**Extracted information:**
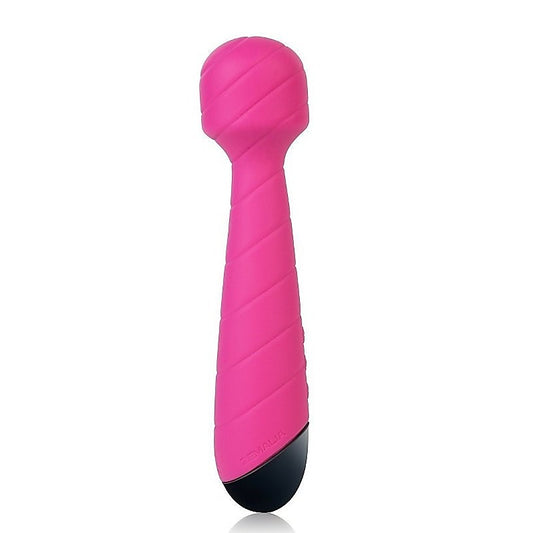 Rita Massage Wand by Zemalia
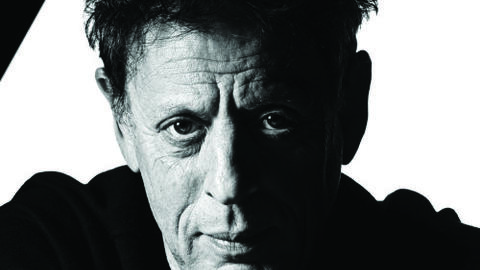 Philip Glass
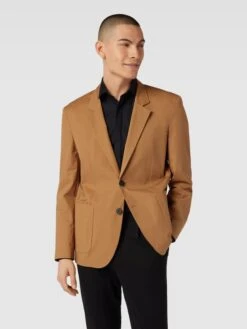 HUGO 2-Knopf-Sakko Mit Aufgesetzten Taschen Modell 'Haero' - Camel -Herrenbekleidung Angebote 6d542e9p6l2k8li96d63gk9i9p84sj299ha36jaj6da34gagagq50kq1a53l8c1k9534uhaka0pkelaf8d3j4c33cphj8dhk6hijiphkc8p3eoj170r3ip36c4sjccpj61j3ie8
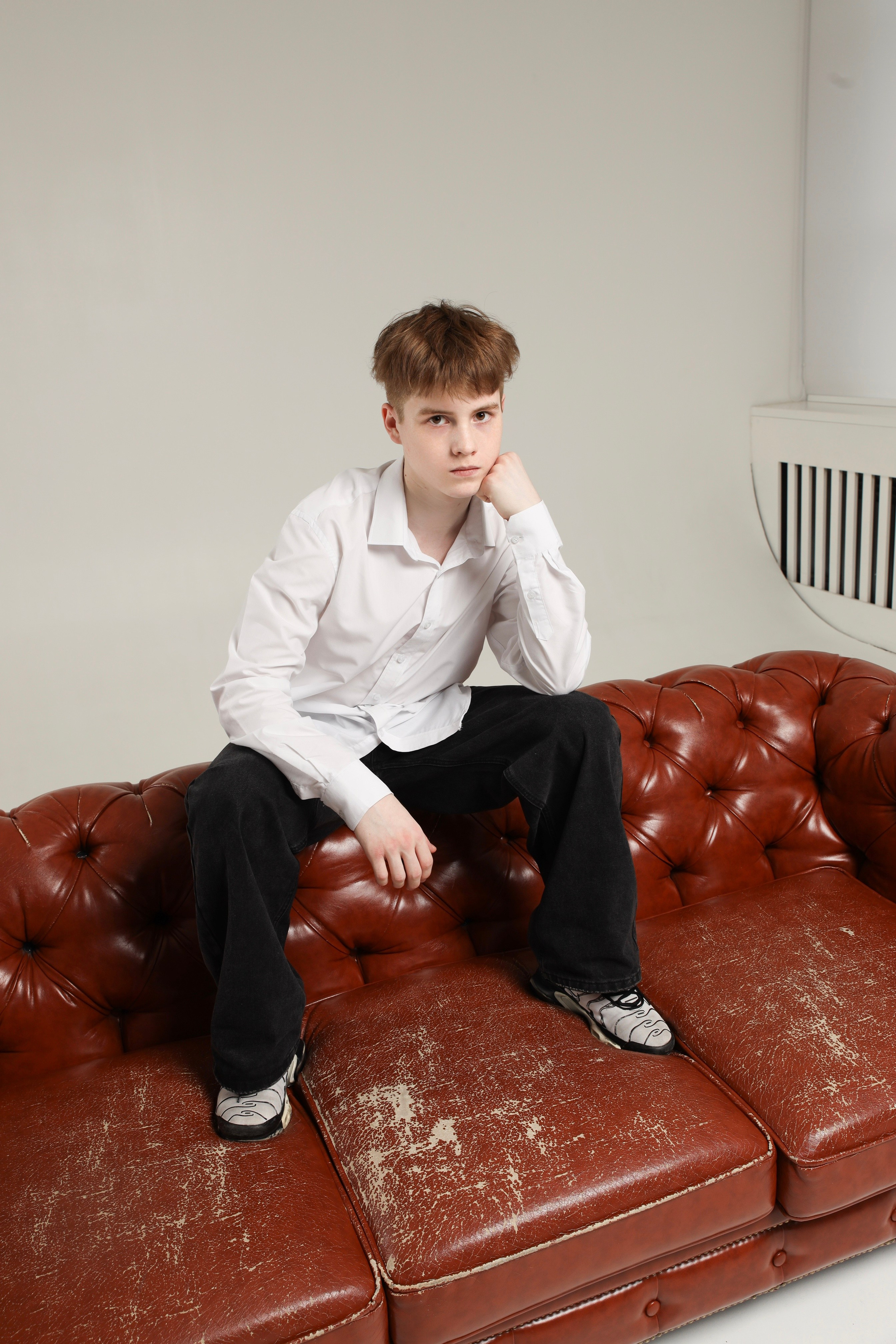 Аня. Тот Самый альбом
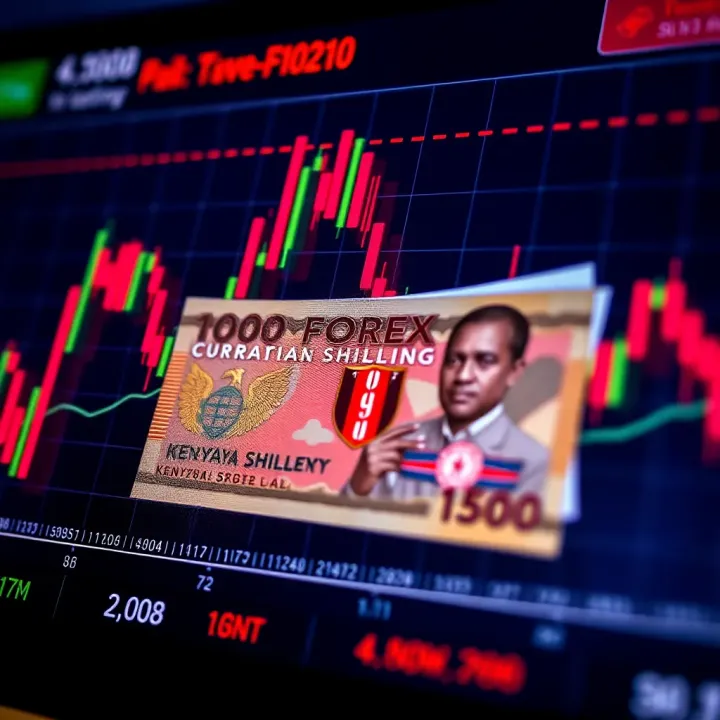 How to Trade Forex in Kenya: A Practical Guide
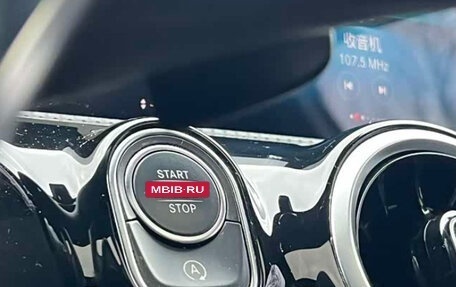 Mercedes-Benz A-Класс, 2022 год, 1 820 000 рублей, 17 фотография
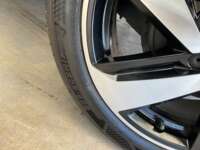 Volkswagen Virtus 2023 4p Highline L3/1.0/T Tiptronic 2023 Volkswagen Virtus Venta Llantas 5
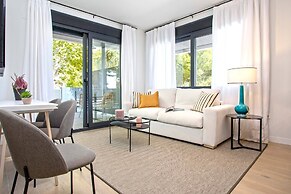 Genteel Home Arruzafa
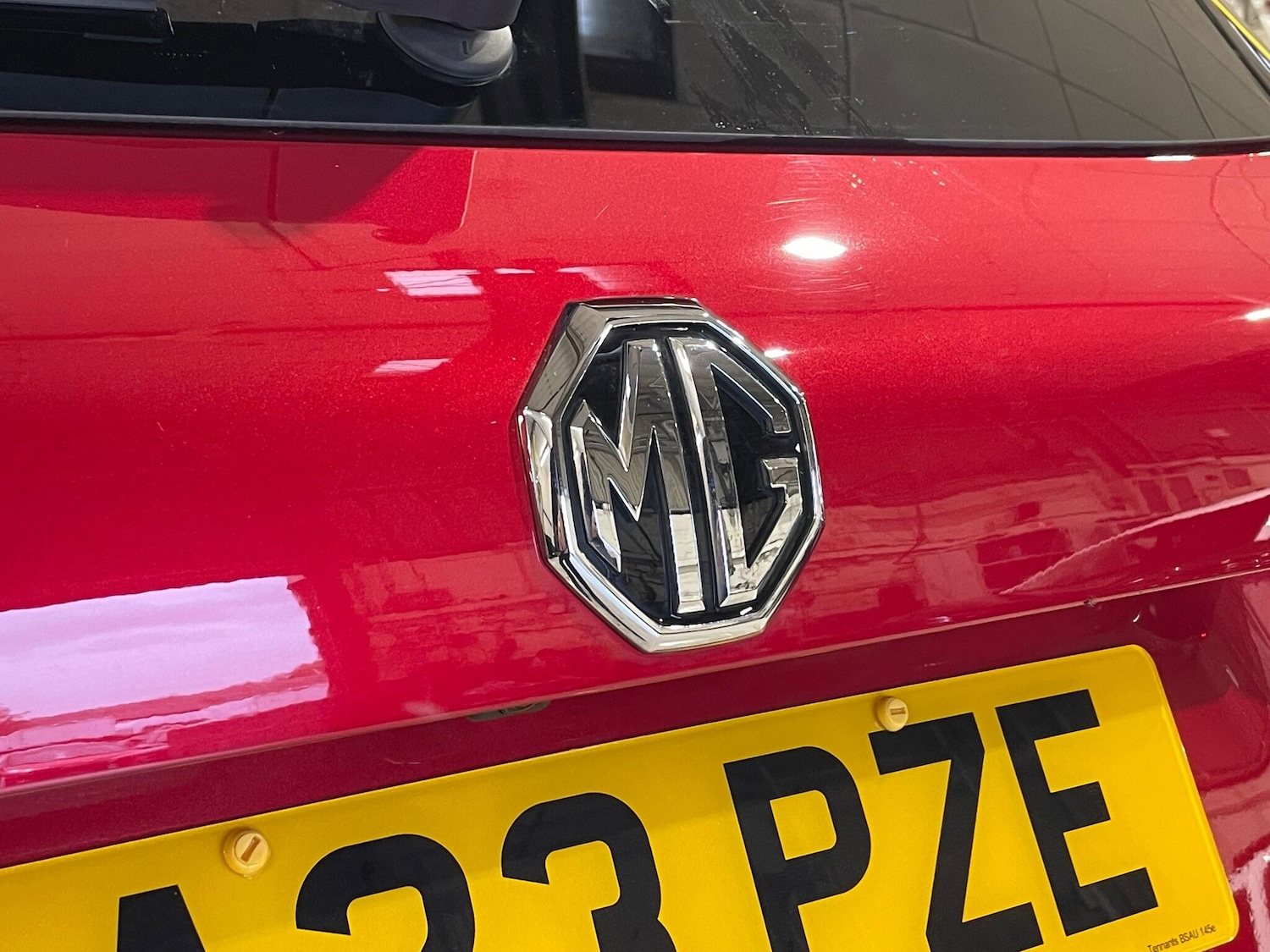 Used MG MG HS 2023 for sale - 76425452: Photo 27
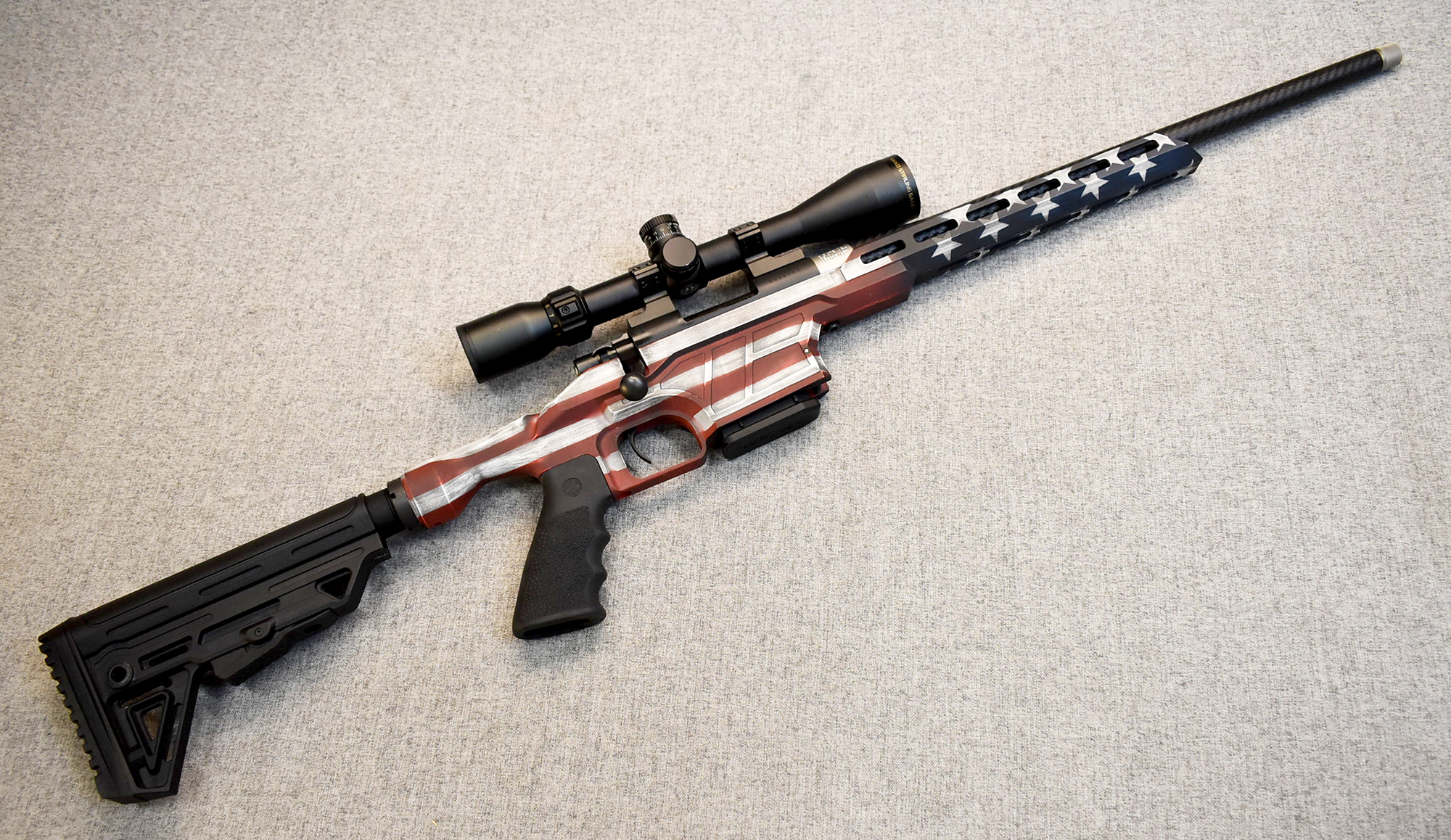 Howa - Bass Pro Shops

**Exercise requirements:**
Only the lines from the start of the records to the one containing "How to Trade" should be repeated, exactly and with both ends kept; drop any pictures.

**The answer:**
 Rita Massage Wand by Zemalia
 Philip Glass
 HUGO 2-Knopf-Sakko Mit Aufgesetzten Taschen Modell 'Haero' - Camel -Herrenbekleidung Angebote 6d542e9p6l2k8li96d63gk9i9p84sj299ha36jaj6da34gagagq50kq1a53l8c1k9534uhaka0pkelaf8d3j4c33cphj8dhk6hijiphkc8p3eoj170r3ip36c4sjccpj61j3ie8
 Аня. Тот Самый альбом
 How to Trade Forex in Kenya: A Practical Guide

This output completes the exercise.